Navipet is a Mandal in Nizamabad district in the state of Telangana in India Navipet is top mandal in Nizamabad district Which has good market value for crops and small revenue business. Navipet lies on Nizamabad Bhainsa main road. 
Navipet is famous for weekly goats market.
  

Navipet is a large village located in Navipet Mandal of Nizamabad district, Telangana with total 1938 families residing. The Navipet village has population of 8563 of which 4230 are males while 4333 are females as per Population Census 2011.

In Navipet village population of children with age 0-6 is 973 which makes up 11.36 % of total population of village. Average Sex Ratio of Navipet village is 1024 which is higher than Telangana state average of 993. Child Sex Ratio for the Navipet as per census is 942, higher than Telangana average of 939.

Navipet village has higher literacy rate compared to Telangana. In 2011, literacy rate of Navipet village was 67.58 % compared to 67.02 % of Andhra Pradesh.

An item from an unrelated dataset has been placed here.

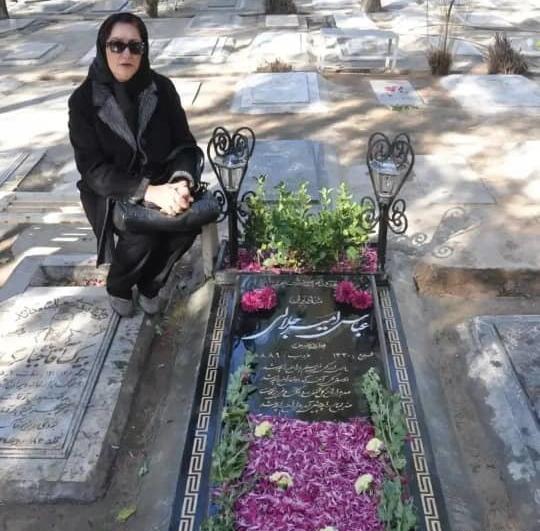 عکس مریم امیر جلالی وهمسرش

In Navipet Male literacy stands at 77.53 % while female literacy rate was 57.96 %.

As per constitution of India and Panchyati Raaj Act, Navipet village is administrated by Sarpanch (Head of Village) who is elected representative of village. ATS Srinivas And Mohammed Abdul Raoof { Shakeel } are Sarpanch for Navipet and newly formed Station Area Gram Panchayat.

UPHC  Urban Primary Health Centre, Jagdishwar Reddy hospital are the 2 major hospitals in Navipet. 

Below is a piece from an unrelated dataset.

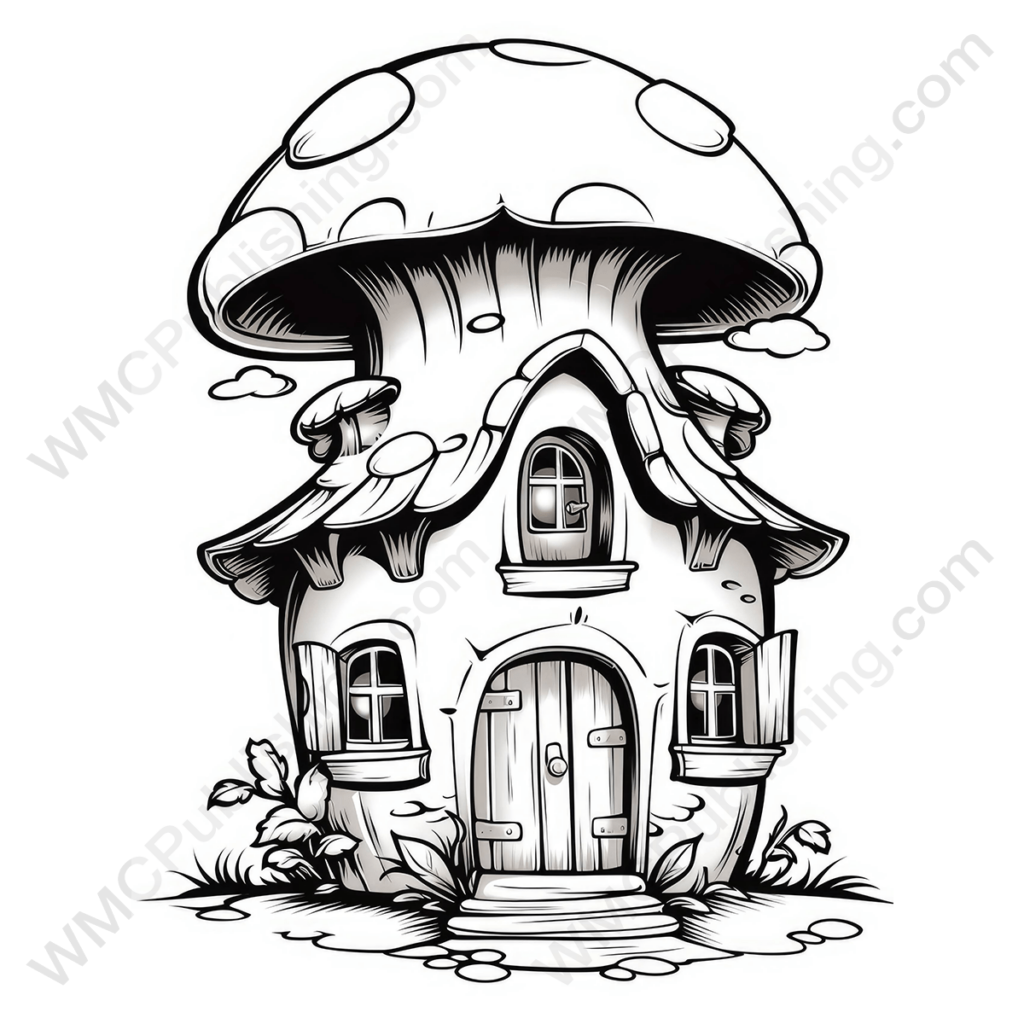Fairytale Mushroom House Set 2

List of all towns and Villages in Navipet Mandal of Nizamabad district, Telangana. Complete details of Population, Religion, Literacy and Sex Ratio in tabular format.

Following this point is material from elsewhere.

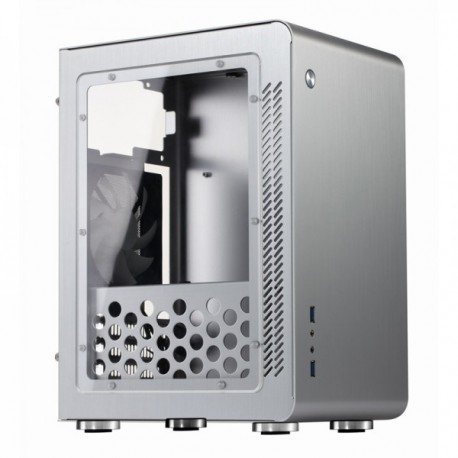 Jonsbo U3 Silver Window - Micro ATX, ATX PSU, Window Casing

Navipet is also famous for Ayub Hotel & Najeeb Hotel chai. People travelling through Navipet definitely takes chai at both hotels.

Transport

Roadways
Navipet have frequent connectivity to Hyderabad, Nizamabad, Basar and Bhainsa.

Railways
Navipet railway station lies on Secunderabad-Manmad Line. Navipet Railway Station was built by Nizam's Guaranteed State Railways in Around 1903. Navipet have daily passenger trains to Nizamabad Hyderabad and Nanded. Express trains don't have stop
New platform work is under construction from July 2020. 
Passenger trains following Navipet are listed below.

Passengers Trains Passing Through Navipet

Airways
RGIA of Hyderabad (176 km) and Nanded airports are nearest airports to Navipet.
Nizamabad airport has been proposed it will be constructed in Jakranpally mandal

Mosques & Temples 
Navipet have 4 mosques, Jama Masjid Market Area, Makkah Masjid Subash Nagar, Madinah Masjid Railway Station Area, Rahmeniya Masjid Dharyapur. Navipet Have Numerous Temples Like Markandeya Mandir Main Road, Hanuman Temple Dharyapur, Sai Baba Temple Venkateshwara Colony, Ayyappa Temple on Basar Road.